Listed entries
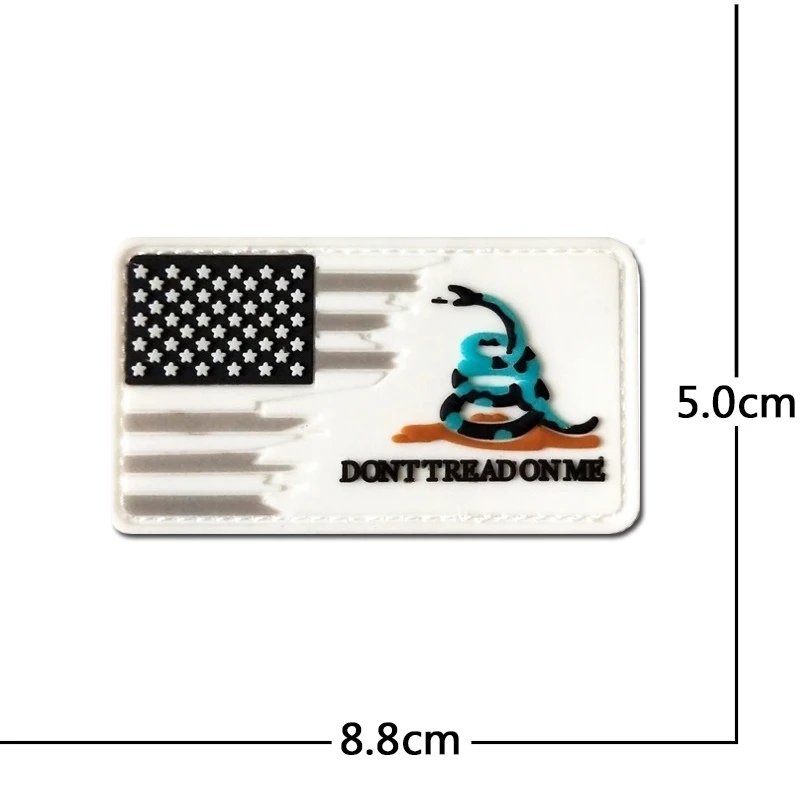 Insignia PVC Serpiente Dont Tread On Me - Vista lateral del relieve 3D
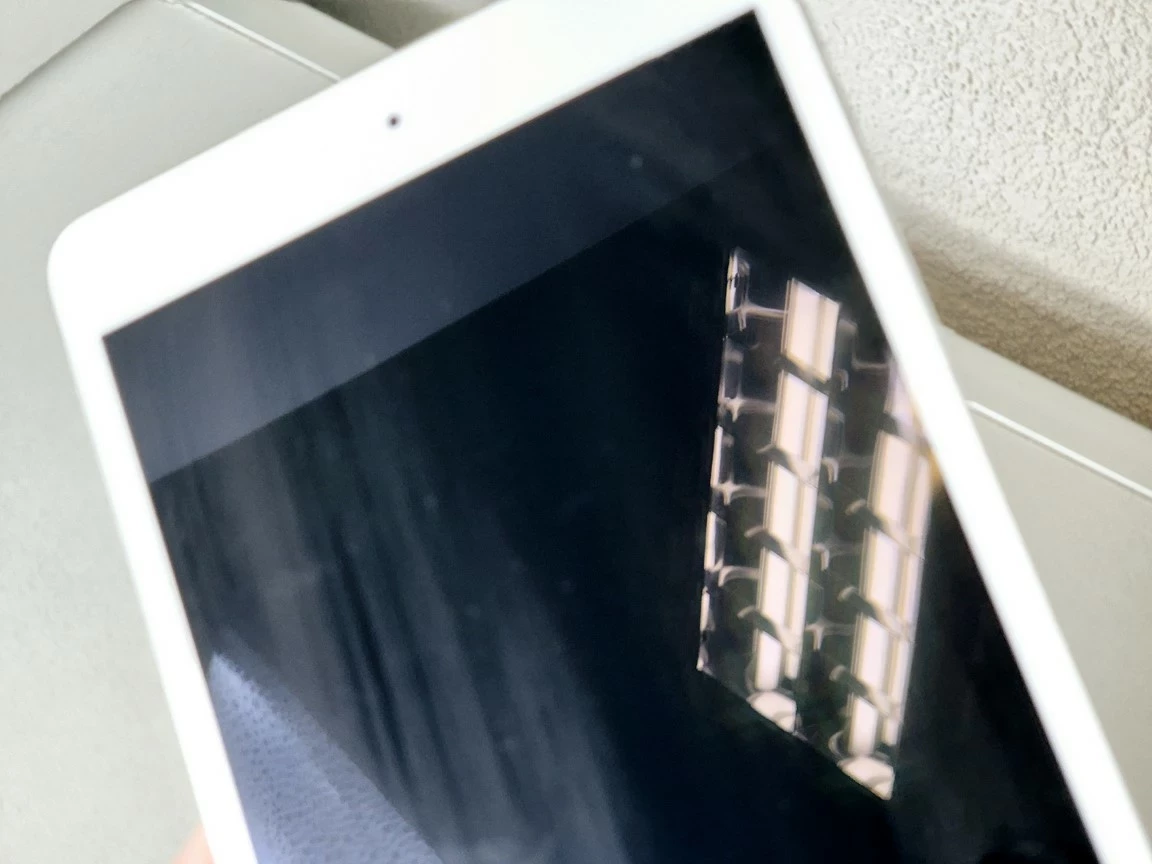 tablet-ipad-apple-mini-4-128-gb-79-cala-transmisja-danych-217-512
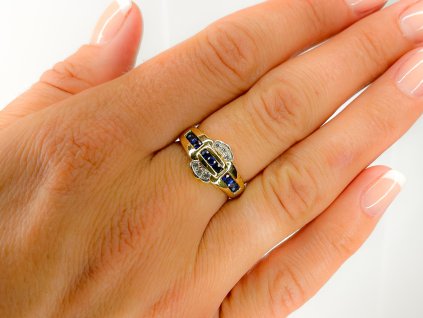 Zlatý prsten se zirkony 2000272250002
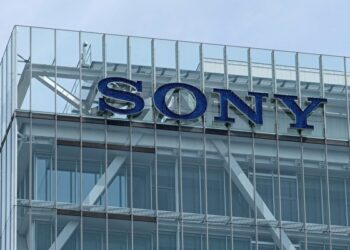 《攝影發燒友恩物：Sony突破性四色CCD芯片》_【廣結善緣千萬家(故事編)第一集】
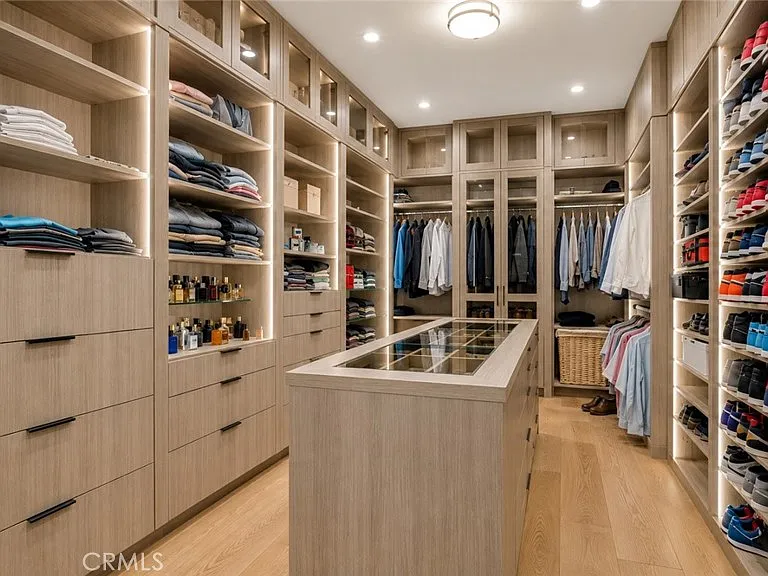 5050 Arundel Dr — Photo 38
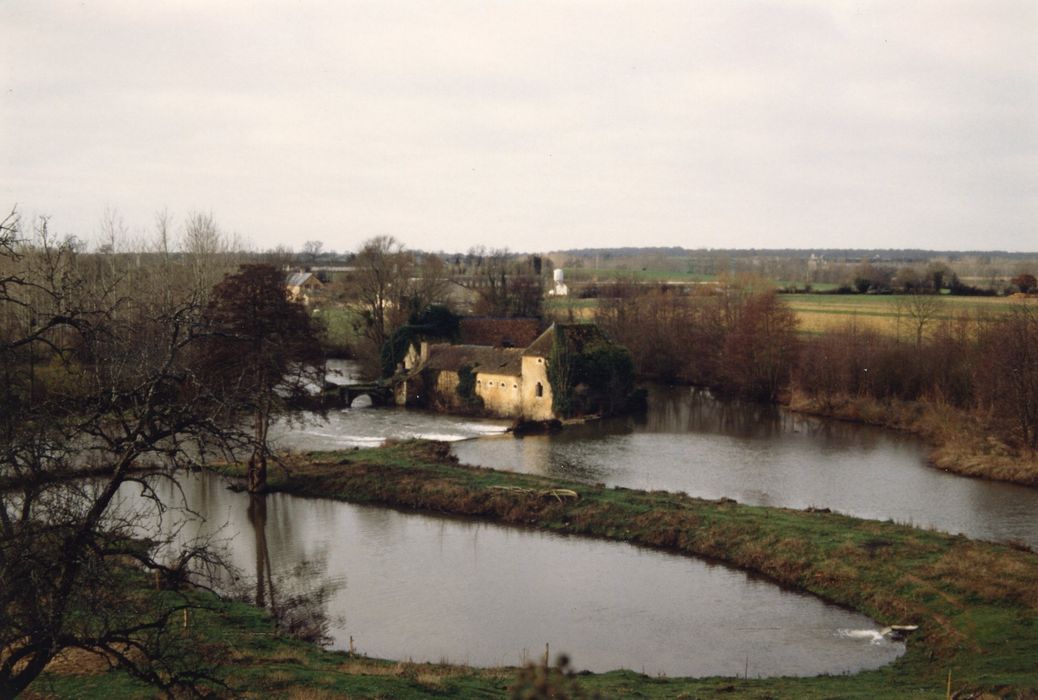 vue générale depuis le château de l’ancien moulin et d’une ancienne pêcherie (?)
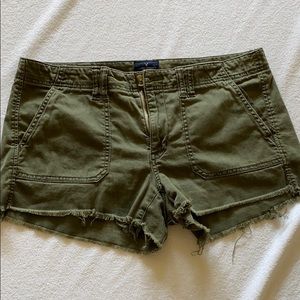 American Eagle Outfitters olive green shorts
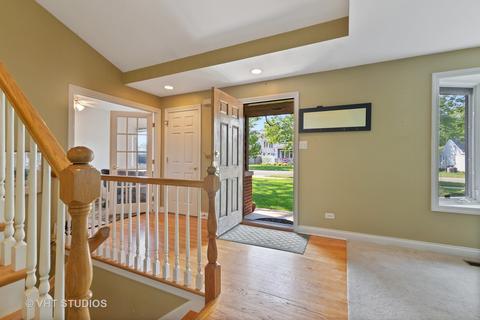 1606 Maple Ave, Northbrook, IL 60062 photo 2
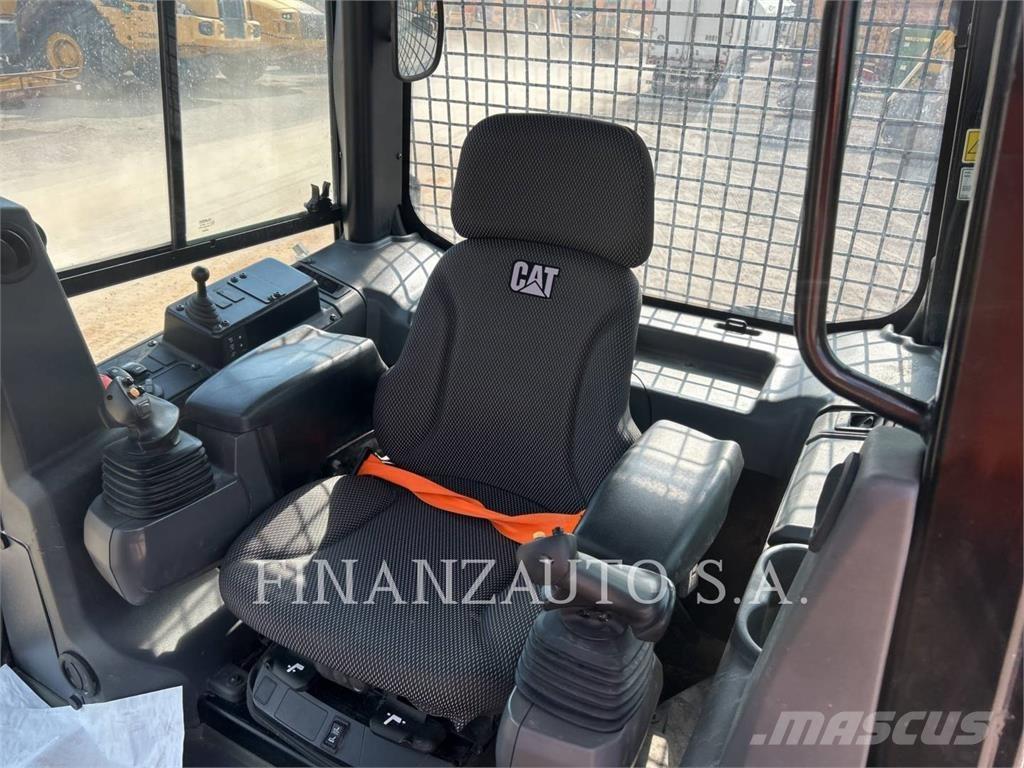 CAT D3 Pásové dozery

Problem
Output the data above without changes, apart from leaving out the pictures.

Worked solution
 Insignia PVC Serpiente Dont Tread On Me - Vista lateral del relieve 3D
 tablet-ipad-apple-mini-4-128-gb-79-cala-transmisja-danych-217-512
 Zlatý prsten se zirkony 2000272250002
 《攝影發燒友恩物：Sony突破性四色CCD芯片》_【廣結善緣千萬家(故事編)第一集】
 5050 Arundel Dr — Photo 38
 vue générale depuis le château de l’ancien moulin et d’une ancienne pêcherie (?)
 American Eagle Outfitters olive green shorts
 1606 Maple Ave, Northbrook, IL 60062 photo 2
 CAT D3 Pásové dozery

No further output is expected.